With apologies to Amy Poehler and Seth Meyers, but really? Really?! You are surprised that the president is optimistic. What do you expect, GWB to come out like Eeyore? “Siiiigh… hey everyone, the economy’s real bad… I’m soooooo depressed….”

“I’m coming to you as an optimistic fellow,” he told the Economic Club of New York on Friday. His manner — chortling and joshing — was in odd juxtaposition to the Fed’s bailing out the imploding Bear Stearns and his own acknowledgment that “our economy obviously is going through a tough time,” that gas prices are spiking, and that folks “are concerned about making their bills.”

He began by laughingly calling the latest news on the economic meltdown “a interesting moment” and ended by saying that “our energy policy has not been very wise” and that there was “no quick fix” on gasp-inducing gas prices.

“You know, I guess the best way to describe government policy is like a person trying to drive a car in a rough patch,” he said. “If you ever get stuck in a situation like that, you know full well it’s important not to overcorrect, because when you overcorrect you end up in the ditch.”

Dude, you’re already in the ditch.

You know what would help the economy Maureen? The President of the United States coming out and saying, “Well the economy’s in the tank. Quick everyone, sell your stocks, immediately! What, Commerce Bank’s running out of money; we gotta get down there and pull out our accounts as fast as possible!” Raising expectations is really maybe the only thing a president actually does for the economy.

Boy George crashed the family station wagon into the globe and now the global economy. Yet the more terrified Americans get, the more bizarrely carefree he seems. The former oilman reacted with cocky ignorance a couple of weeks ago when a reporter informed him that gas was barreling toward $4 a gallon.

In on-the-record sessions with reporters — and more candid off-the-record ones — he has seemed goofily happy in recent weeks, prickly no more but strangely liberated and ebullient.

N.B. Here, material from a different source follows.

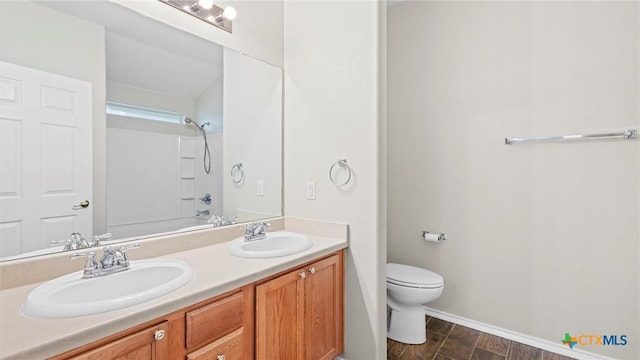 bathroom featuring a sink, baseboards, toilet, and double vanity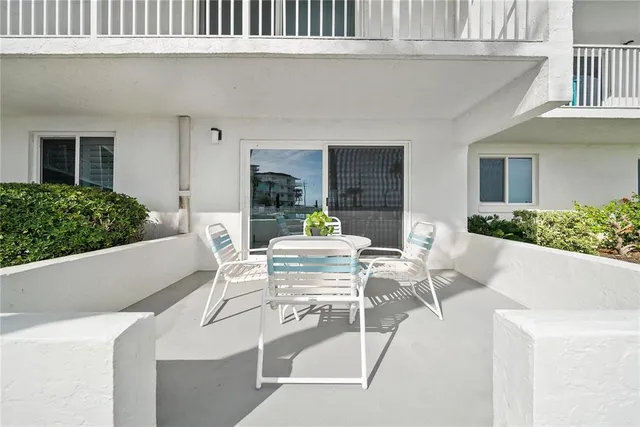 a view of a swimming pool with a patio and a yard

Maybe he realizes this whole debacle is coming to an end. Also maybe he loves the fact that journalists who write for the NYT spend their time authoring really terrible columns about Hillary’s personality and writing stupid nicknames rather than actually reporting on the many ridiculously immoral and illegal things for which his administration has been responsible. I mean this is really just a guess…

Even though he ordinarily hates being kept waiting, he made light of it while cooling his heels for John McCain, and did a soft shoe for the White House press. Wearing a cowboy hat, he warbled a comic Western ditty at the Gridiron Dinner a week ago — alluding to Scooter Libby’s conviction, Saudis getting richer from our oil-guzzling, Brownie’s dismal Katrina performance, and Dick Cheney’s winsome habit of withholding documents.

At a dinner on Wednesday, the man who is persona non grata on the campaign trail (except for closed fund-raisers) told morose Republican members of Congress that he was totally confident that “we can retake the House” and “hold the White House.”

“I think 2008 is going to be a fabulous year for the Republican Party!” he said, sounding like Rachael Ray sprinkling paprika on goulash. That must have been news to House Republicans, who have no money, just lost the seat held by their former speaker, and are hemorrhaging incumbents as they head into a campaign marked by an incipient recession and an unpopular war.

You are either the dumbest political journalist of all time or you just really don’t care anymore. Maybe you were kidnapped by aliens and they left a Maureen-related random column generator behind in your place. This computer has devised all sorts of rules and schemes to make people believe that the real Maureen is still here, while she’s actually on planet Perseus-9 being a slave servant to Emperor Glacticon. If this is true, then by the standard of column writing artificial intelligence this is not bad. Also, Glacticon, a warning, don’t let her out of your sight or she will soon be writing bizarre space columns, calling you Glacty and making fun of your personal hygiene.

If only they could see things as the president does. Bush, who used his family connections to avoid Vietnam, told troops serving in Afghanistan on Thursday that he is “a little envious” of their adventure there, saying it was “in some ways romantic.”

This is a nice little tidbit, good writing.

Afghanistan is still roiling, as is Iraq, but W. is serene. “Removing Saddam Hussein was the right decision early in my presidency, it is the right decision now, and it will be the right decision ever,” he said, echoing that great American philosopher Dan Quayle, who once told Samoans, “Happy campers you are, happy campers you have been and, as far as I am concerned, happy campers you will always be.”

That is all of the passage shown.